The result has been a number of bits and pieces. Finance Minister Michael Noonan has secured around €150m in cheap funding from the German state-owned bank KfW, which is to be made available through the main Irish banks as a source of cheap SME loans. However, the State has underwritten or guaranteed this €150m. This means, if the loans are paid back, KfW could make a modest profit on the interest from supplying the money. The banks should make a small amount too for administering it.

If the loans are not paid back, the State will pick up the tab. Surely, if the State has to foot the bill for losses, then it should get the gain if the loans go well. What is the point in having this money from Germany in the first place if it is zero risk for the Germans?

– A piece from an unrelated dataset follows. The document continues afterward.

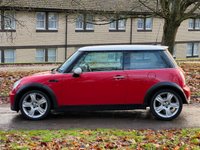 USED 2006 06 MINI HATCH COOPER 1.6 COOPER 3d 114 BHP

The National Pension Reserve Fund has €7.1bn it could make available for this purpose. Apparently, it will make some funds available through the new Strategic Banking Corporation of Ireland. This group is also getting between €200m and €400m from the European Investment Bank, yet again with an Irish State guarantee. Once again, taxpayers will take any pain but get none of the gain.

Of the €7.1bn tied up in the National Pension Reserve Fund, €3.9bn of it is held in cash and bonds, which right now are making virtually nothing. The cash element is €2.4bn, a chunk of which is being used to bolster deposits for banks like Permanent TSB, with negligible return.

If the NPRF had stuck €400m of this into Dow Jones Index and the Nasdaq, the fund would be up €82m so far this year. If it stuck €20m into Apple Inc, it would be up €8.6m. The gains alone from these investments would have amounted to almost two thirds of what KfW is making available for SMEs.

For the ordinary guy running a shop, strategic investment funds mean nothing. He may need €15,000 or €25,000 to get through the crisis. That is where the Government’s Microfinance Ireland initiative comes in. Set up in 2012, it awards loans of up to €25,000 to start-ups and SMEs that have been turned down by a bank for a loan. The head of Microfinance Ireland described this situation last week as “nonsensical”. And he is right. Why put owner managers through a process with a bank, that they know will fail, just to qualify for a small loan.

The legislation around Micro-finance Ireland needs to be changed, allowing it to give out more money and not just to those who have been turned down by the bank.

Demand for Microfinance loans is inreasing from six applications per week last year to ten now. The organisation has received 729 applications and approved 57pc of them – an extraordinary figure given they had all been turned down by banks.

Interestingly, the biggest single group it has lent money to are retailers and mechanics. The next biggest is manufacturing companies.

It is an indictment of the banking sector that people like this are not being backed for such small amounts. Look at the sheer stupidity of some of the multi-million euro property loans doled out during the boom.

These tiny loans can make a big difference to a small business in a small town. The Government should release some of the shackles on its SME funding initiatives or force the banks to do it instead.